▶ [What is required]: Using the listing below, extract each line that has the word "Favor" in it.

▶ [Record set]:
********
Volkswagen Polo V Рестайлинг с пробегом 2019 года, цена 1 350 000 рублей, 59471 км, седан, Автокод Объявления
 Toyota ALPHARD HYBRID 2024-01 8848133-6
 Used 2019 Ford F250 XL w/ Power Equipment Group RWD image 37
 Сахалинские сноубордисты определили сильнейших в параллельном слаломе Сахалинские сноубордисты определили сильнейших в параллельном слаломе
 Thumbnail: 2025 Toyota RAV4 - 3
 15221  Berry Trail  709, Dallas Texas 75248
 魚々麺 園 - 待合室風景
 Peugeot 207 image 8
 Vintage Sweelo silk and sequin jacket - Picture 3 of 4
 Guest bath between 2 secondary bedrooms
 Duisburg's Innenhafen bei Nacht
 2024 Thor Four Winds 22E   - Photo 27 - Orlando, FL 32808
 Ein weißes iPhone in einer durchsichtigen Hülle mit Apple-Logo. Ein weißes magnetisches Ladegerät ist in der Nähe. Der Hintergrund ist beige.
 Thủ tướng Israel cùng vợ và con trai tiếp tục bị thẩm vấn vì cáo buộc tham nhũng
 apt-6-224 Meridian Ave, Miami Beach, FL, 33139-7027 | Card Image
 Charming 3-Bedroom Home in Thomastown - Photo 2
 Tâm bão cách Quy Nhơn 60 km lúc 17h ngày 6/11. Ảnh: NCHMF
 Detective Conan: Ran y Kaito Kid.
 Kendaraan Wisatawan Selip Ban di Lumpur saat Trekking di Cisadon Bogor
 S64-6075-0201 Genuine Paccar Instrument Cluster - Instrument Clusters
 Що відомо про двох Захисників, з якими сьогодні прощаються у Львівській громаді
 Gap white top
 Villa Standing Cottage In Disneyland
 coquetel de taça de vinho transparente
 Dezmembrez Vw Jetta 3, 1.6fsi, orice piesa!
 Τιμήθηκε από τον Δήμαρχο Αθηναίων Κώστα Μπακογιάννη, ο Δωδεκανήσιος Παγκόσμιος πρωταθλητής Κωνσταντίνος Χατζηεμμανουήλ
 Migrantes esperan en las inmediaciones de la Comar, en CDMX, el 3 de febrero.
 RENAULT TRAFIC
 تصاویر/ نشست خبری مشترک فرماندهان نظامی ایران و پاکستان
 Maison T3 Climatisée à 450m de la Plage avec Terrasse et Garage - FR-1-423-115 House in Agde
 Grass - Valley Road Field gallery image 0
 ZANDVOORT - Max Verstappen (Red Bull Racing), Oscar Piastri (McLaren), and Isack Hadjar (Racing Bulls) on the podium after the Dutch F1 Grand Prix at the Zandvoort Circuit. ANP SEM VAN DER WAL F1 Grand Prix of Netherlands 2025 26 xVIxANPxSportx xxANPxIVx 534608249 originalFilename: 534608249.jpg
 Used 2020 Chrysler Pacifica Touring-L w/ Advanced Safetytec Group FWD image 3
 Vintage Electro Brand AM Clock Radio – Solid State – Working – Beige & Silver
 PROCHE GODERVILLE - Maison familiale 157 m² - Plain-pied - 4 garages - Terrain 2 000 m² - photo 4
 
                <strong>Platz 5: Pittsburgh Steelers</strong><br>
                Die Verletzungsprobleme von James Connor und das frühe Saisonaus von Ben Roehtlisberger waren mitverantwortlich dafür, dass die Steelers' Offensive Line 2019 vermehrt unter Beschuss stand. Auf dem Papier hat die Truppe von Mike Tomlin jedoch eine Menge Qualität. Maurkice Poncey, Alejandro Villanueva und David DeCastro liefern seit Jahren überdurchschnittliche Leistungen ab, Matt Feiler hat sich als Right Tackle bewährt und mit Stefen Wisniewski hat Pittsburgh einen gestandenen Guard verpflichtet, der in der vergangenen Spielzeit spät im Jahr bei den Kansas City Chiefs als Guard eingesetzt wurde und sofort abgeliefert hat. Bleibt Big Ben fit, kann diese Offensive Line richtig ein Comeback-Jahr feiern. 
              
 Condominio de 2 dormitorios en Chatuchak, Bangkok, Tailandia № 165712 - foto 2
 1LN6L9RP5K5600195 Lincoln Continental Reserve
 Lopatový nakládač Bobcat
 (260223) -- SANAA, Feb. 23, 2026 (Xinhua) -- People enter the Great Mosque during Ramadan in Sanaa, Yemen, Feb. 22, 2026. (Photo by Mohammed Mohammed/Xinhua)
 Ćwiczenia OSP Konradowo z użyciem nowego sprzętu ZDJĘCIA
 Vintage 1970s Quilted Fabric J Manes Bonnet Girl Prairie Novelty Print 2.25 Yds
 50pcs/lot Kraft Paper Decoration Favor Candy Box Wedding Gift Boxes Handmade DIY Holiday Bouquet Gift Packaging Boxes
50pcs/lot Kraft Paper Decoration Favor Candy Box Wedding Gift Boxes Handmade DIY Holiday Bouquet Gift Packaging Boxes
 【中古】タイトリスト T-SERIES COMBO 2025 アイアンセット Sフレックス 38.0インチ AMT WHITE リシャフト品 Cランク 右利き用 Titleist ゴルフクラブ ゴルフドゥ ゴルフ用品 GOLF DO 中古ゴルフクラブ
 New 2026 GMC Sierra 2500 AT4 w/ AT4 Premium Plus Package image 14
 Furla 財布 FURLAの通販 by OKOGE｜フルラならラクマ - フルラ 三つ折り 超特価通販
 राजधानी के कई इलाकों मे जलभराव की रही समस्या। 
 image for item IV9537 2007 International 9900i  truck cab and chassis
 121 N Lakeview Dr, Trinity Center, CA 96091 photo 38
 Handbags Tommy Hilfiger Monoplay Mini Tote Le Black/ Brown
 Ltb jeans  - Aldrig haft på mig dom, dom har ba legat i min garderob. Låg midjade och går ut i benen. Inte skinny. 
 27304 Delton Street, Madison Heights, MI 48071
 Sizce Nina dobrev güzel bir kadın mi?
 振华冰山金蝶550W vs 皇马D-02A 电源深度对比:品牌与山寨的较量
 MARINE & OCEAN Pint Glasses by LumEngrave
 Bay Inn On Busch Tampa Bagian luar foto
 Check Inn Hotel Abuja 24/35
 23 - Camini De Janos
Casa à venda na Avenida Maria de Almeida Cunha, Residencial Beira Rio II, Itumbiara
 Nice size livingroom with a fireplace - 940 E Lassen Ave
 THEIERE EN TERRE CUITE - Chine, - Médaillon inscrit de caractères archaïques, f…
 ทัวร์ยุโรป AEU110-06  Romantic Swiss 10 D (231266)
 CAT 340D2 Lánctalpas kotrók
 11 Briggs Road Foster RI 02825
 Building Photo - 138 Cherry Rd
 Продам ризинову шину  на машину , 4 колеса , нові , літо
********
▶ [Completed exercise]:
 50pcs/lot Kraft Paper Decoration Favor Candy Box Wedding Gift Boxes Handmade DIY Holiday Bouquet Gift Packaging Boxes
50pcs/lot Kraft Paper Decoration Favor Candy Box Wedding Gift Boxes Handmade DIY Holiday Bouquet Gift Packaging Boxes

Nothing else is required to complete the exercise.